Filme muito belo onde a sensualidade se encontra no olhar, “Morte em Veneza”, com um admirável acompanhamento do Adagietto da Quinta Sinfonia de Mahler, vai-nos revelando o Amor na sua forma mais pura, mais filosófica, resultando numa das mais profundas interrogações de um artista sobre a sua vida e o significado do seu universo : «Pois que a beleza, e só ela, é digna de ser amada e visível ao mesmo tempo. Ela é a única forma do espiritual que recebemos através dos sentidos e que podemos suportar pelos sentidos», como escreve Mann no seu pequeno livro. Ou ainda a constatação de que a nossa “ordem” não passa, tantas vezes, de um refúgio, vulnerável e inseguro, contra o caos libertador e criativo.

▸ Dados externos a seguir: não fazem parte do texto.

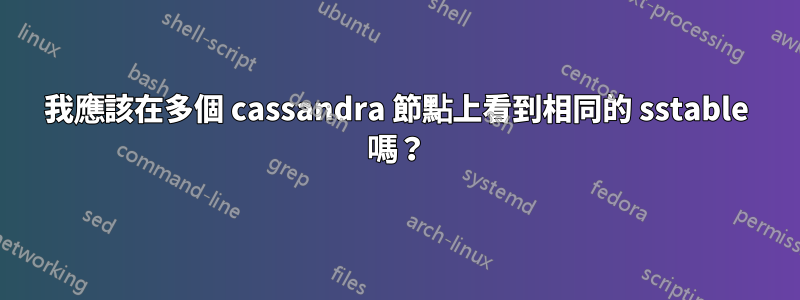 我應該在多個 cassandra 節點上看到相同的 sstable 嗎？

Thomas Mann apresenta uma escrita complexa e profunda, onde quase cada parágrafo pode ter várias leituras. Em contraponto, o enredo é practicamente inexistente: um homem de meia-idade viaja até Veneza, apaixona-se por um jovem rapaz polaco extremamente atraente e morre sem sequer ter trocado uma palavra com ele. Se, numa primeira leitura, a homossexualidade se destaca em "Morte em Veneza", à medida que nos vamos debruçando na narrativa, essa questão mostra-se secundária no conjunto da obra. Não foi esta a preocupação central do autor, visto que nem sequer houve contato físico entre as personagens, estando o amor de Aschenbach por Tadzio no âmbito do platónico: a verdadeira atração de Gustav mostra-se ser pela beleza e perfeição do jovem.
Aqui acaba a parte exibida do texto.